» Work required
Please return the lines below verbatim, beginning at the one that has "a dining room with furniture and chandelier" and stopping after the one that has "The Litovel Czech", and add no other lines.

» Scraped caption text data
────────────────

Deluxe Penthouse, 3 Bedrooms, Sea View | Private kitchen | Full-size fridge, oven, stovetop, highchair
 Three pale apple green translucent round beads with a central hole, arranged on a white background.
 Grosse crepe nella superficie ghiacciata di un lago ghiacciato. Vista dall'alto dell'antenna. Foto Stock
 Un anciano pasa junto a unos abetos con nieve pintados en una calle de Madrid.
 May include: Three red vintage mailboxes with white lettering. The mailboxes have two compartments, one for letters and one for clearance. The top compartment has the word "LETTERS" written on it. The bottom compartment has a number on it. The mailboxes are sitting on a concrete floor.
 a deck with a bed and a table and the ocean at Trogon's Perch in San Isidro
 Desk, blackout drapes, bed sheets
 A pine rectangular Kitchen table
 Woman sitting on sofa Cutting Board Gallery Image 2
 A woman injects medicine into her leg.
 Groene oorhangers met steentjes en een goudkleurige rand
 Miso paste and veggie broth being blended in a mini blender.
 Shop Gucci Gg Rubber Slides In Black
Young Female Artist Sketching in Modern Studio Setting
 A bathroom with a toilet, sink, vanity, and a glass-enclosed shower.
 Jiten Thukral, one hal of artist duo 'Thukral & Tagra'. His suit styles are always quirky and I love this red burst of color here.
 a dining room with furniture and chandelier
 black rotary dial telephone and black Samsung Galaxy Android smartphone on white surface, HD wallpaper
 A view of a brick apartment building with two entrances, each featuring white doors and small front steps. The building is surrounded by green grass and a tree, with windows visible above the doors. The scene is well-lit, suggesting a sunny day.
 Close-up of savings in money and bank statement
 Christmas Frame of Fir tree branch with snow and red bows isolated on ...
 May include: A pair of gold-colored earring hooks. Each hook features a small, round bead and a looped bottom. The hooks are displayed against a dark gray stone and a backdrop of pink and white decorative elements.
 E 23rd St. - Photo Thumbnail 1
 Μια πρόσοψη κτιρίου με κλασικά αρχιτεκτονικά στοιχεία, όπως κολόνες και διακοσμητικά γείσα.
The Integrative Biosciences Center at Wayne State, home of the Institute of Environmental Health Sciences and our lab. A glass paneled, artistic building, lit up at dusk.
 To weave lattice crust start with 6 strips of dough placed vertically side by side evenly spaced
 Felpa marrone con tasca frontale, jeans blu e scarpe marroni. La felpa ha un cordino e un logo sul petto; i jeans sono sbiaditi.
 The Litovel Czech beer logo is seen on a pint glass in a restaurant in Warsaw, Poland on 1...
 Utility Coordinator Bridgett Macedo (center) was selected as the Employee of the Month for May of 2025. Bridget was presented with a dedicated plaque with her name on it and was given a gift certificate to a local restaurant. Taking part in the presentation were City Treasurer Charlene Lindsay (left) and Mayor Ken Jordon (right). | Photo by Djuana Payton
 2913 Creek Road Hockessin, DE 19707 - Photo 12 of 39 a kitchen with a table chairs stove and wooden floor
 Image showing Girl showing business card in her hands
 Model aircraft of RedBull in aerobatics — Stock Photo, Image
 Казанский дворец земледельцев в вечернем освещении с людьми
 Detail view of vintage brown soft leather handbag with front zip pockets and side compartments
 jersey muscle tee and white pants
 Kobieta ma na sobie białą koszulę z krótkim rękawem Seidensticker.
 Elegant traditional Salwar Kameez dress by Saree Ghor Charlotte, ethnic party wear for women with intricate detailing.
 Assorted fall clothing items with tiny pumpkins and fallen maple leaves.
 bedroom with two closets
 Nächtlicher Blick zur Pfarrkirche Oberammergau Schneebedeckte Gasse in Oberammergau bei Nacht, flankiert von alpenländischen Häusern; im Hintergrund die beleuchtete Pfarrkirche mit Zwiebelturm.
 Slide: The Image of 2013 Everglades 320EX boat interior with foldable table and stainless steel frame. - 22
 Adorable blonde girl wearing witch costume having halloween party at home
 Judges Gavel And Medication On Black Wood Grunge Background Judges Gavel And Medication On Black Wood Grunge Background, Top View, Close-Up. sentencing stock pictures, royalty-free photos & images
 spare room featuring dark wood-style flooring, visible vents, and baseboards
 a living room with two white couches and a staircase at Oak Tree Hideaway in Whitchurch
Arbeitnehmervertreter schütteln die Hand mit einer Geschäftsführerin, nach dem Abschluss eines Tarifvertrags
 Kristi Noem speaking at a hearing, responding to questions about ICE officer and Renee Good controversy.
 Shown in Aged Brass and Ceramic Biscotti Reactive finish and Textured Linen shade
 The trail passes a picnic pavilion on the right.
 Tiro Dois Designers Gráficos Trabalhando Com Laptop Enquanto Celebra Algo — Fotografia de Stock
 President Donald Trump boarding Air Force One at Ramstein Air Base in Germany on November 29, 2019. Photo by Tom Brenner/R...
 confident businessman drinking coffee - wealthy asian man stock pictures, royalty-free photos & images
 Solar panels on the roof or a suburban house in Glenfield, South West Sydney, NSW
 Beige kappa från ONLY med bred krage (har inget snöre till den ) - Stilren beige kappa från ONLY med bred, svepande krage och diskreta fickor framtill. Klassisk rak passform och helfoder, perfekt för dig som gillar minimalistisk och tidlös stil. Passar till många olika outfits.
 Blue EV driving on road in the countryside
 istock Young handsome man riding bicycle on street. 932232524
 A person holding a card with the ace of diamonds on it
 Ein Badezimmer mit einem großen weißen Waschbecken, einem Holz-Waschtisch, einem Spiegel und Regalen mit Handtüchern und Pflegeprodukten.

────────────────

» Result of this exercise
 a dining room with furniture and chandelier
 black rotary dial telephone and black Samsung Galaxy Android smartphone on white surface, HD wallpaper
 A view of a brick apartment building with two entrances, each featuring white doors and small front steps. The building is surrounded by green grass and a tree, with windows visible above the doors. The scene is well-lit, suggesting a sunny day.
 Close-up of savings in money and bank statement
 Christmas Frame of Fir tree branch with snow and red bows isolated on ...
 May include: A pair of gold-colored earring hooks. Each hook features a small, round bead and a looped bottom. The hooks are displayed against a dark gray stone and a backdrop of pink and white decorative elements.
 E 23rd St. - Photo Thumbnail 1
 Μια πρόσοψη κτιρίου με κλασικά αρχιτεκτονικά στοιχεία, όπως κολόνες και διακοσμητικά γείσα.
The Integrative Biosciences Center at Wayne State, home of the Institute of Environmental Health Sciences and our lab. A glass paneled, artistic building, lit up at dusk.
 To weave lattice crust start with 6 strips of dough placed vertically side by side evenly spaced
 Felpa marrone con tasca frontale, jeans blu e scarpe marroni. La felpa ha un cordino e un logo sul petto; i jeans sono sbiaditi.
 The Litovel Czech beer logo is seen on a pint glass in a restaurant in Warsaw, Poland on 1...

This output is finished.